CERT: 15 | RELEASE DATE: AUGUST 26TH
“Don’t try to understand it. Feel it,” Clémence Poésy’s scientist advises The Protagonist (John David Washington). Yet Christopher Nolan’s latest is best served if one ignores these instructions and, rather than seek an emotional tether, embraces Tenet for its conceptual merits and technical excellence. This is Nolan on his home turf, in competition with himself.
Tenet may have remained shrouded in secrecy from the moment it was first announced, but fans will know to expect a mind-bending, deeply cerebral action-thriller from the acclaimed director of Inception and Memento. He deploys every tool in his signature toolbox, employing nonlinear storytelling and stunning cinematography to explore grand metaphysical themes and questions of fate and morality, delivering a sci-fi blockbuster that is Nolan through and through.
When it comes to narrative structure, this sees Nolan at his most ambitious. Without giving away more than the trailer already reveals, the action frequently slingshots back and forth, warping time and plot with only a throbbing soundscape to keep pace. Together with its dense, abstract theories of time and space and limited exposition, Tenet can feel like 150 minutes of controlled chaos.

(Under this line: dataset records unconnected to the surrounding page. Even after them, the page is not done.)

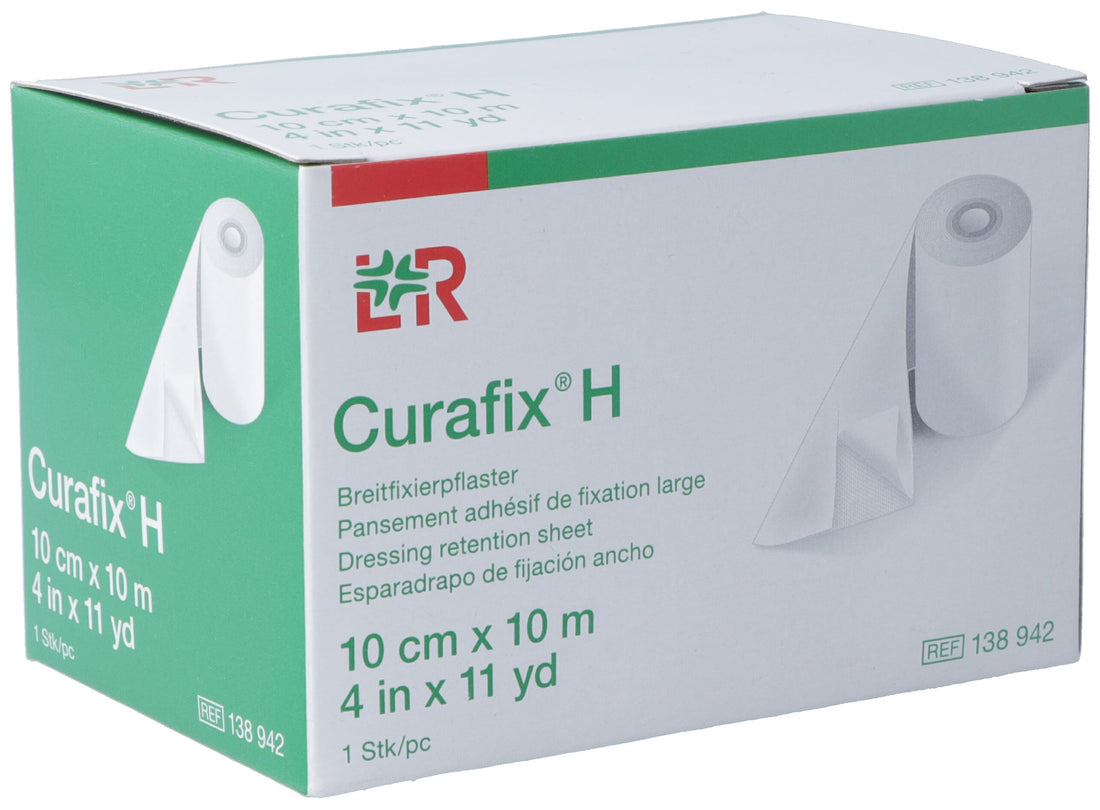 CURAFIX Sparadrap Médical 10 cm x 10 m Rouleau Fixation Douce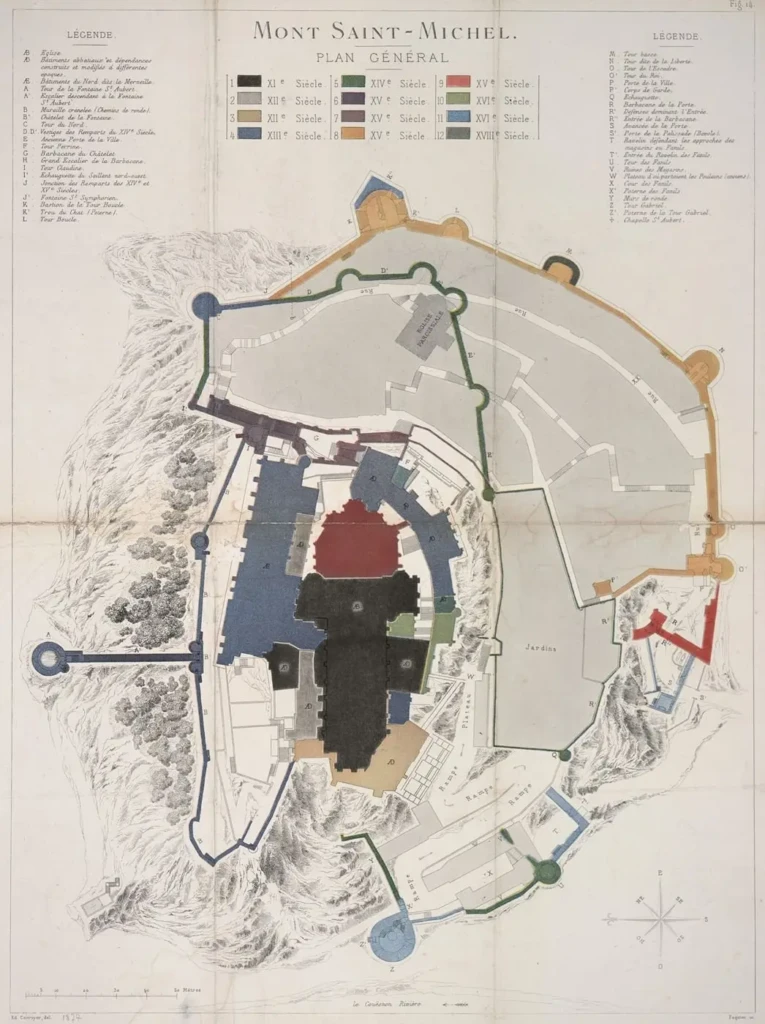 Plan général du Mont-Saint-Michel à la fin du XIXe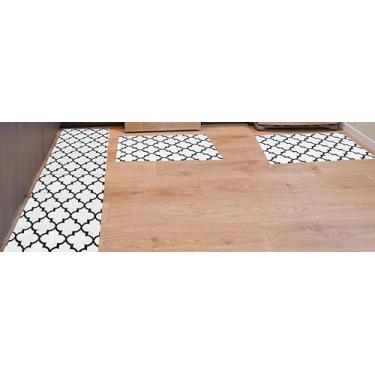 Imagem de Conjunto de passadeira de cozinha antiderrapante (Casab Cru)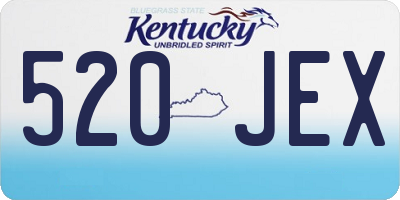 KY license plate 520JEX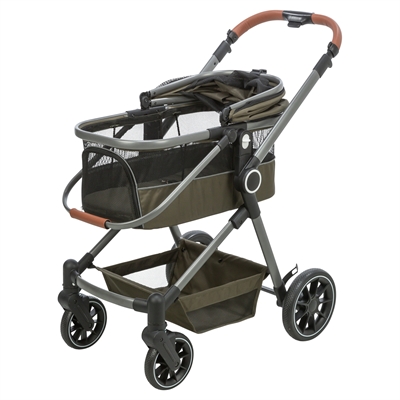 Trixie Hondenbuggy Olijfgroen 56x100x101 cm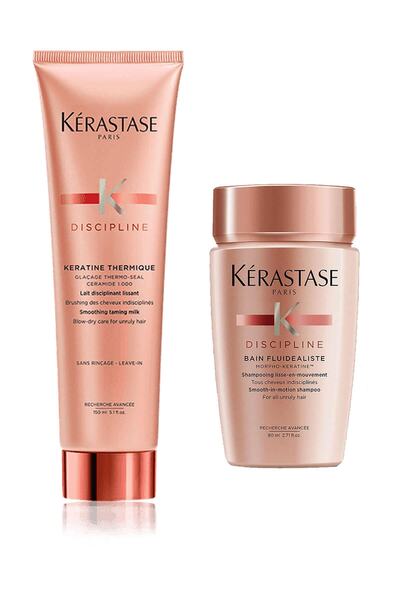 Kerastase Discipline Keratine Thermique Isı Karşıtı Saç Kremi 150ml + Discipline Şampuan 80ml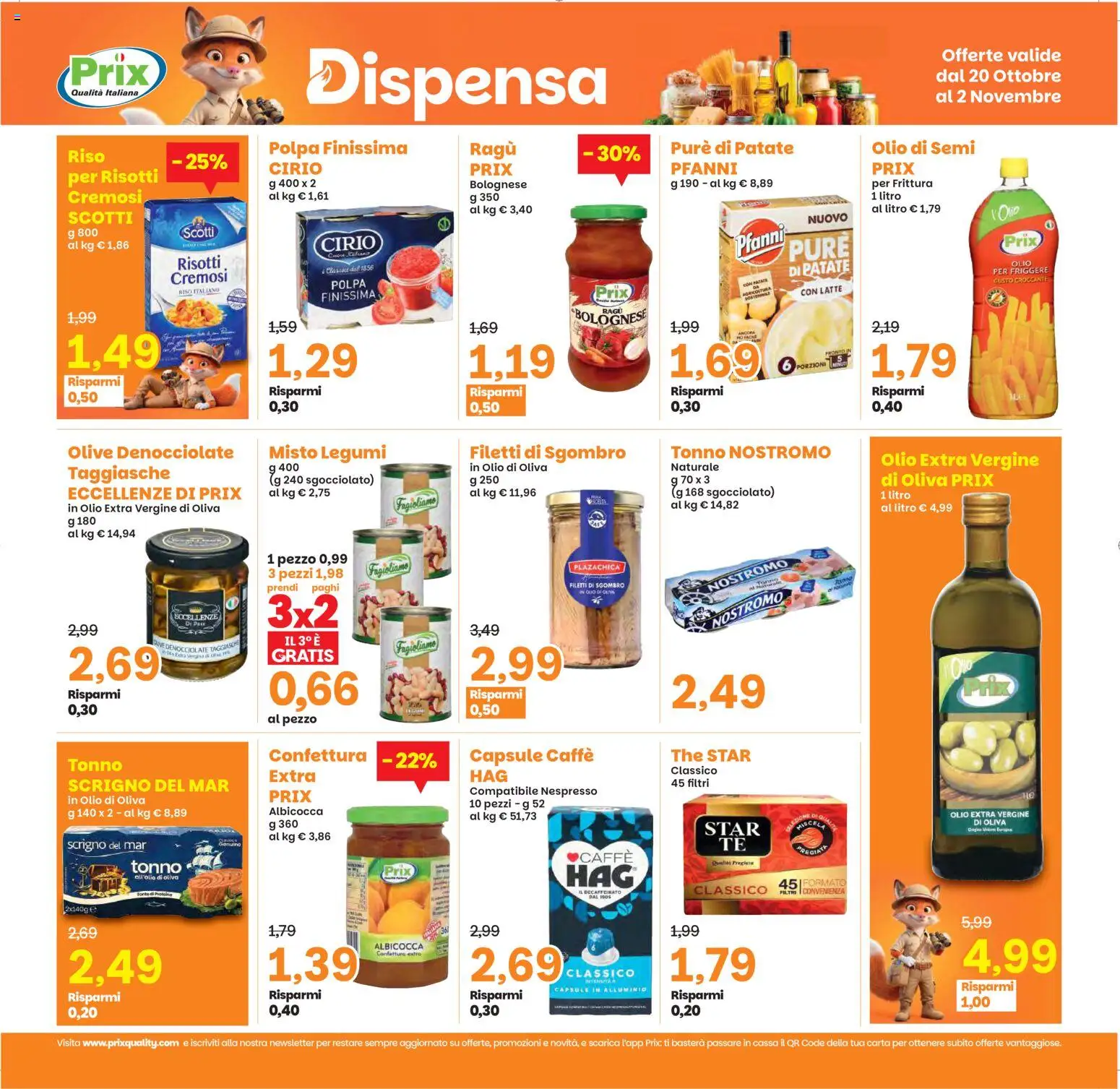 Volantino Prix del 20/10/2026 | Pagina: 17 | Prodotti: Olio di semi, Caffè, Olive, The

John David Washington’s brilliantly understated performance is the eye of the storm. In a film of this scale where the rules are continuously being redefined, where the breakneck action pieces and narrative intricacies make you feel as though you’re barely keeping your head above water, Washington effectively grounds the story as the steadfast, self-assured Protagonist. One thing the Protagonist does not offer much of, however, is warmth.

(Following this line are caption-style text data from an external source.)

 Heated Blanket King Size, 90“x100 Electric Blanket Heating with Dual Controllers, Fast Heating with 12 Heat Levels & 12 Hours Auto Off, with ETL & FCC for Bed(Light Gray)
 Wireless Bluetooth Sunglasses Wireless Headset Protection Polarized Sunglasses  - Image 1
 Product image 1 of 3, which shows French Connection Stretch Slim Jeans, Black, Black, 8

Tenet’s coldness is what keeps it just short of greatness. When the audience is asked to invest emotionally in The Protagonist and Kat’s (Elizabeth Debicki, splendid as always) relationship, it feels undeserved and superficial. One cannot help but think of Interstellar, a film so colossal in its scale and ideas that it could all too easily have kept its audience at arm’s length. Yet, by rooting its grandeur in the love between a father and daughter, Interstellar earns its viewer’s feelings of hope, joy, and heartbreak. In the case of Tenet, the viewer’s investment is purely intellectual; there are no real stakes in the outcome beyond the satisfaction of seeing the pieces of the puzzle fall into place.
Nonetheless, Nolan delivers a staggeringly ambitious sci-fi and sleek, compact action-thriller all in one: Tenet is technically excellent and challenging, pushing boundaries and subverting expectations with the director’s usual elegance. Will it save cinema? Who’s to say, but it sure is difficult to fault.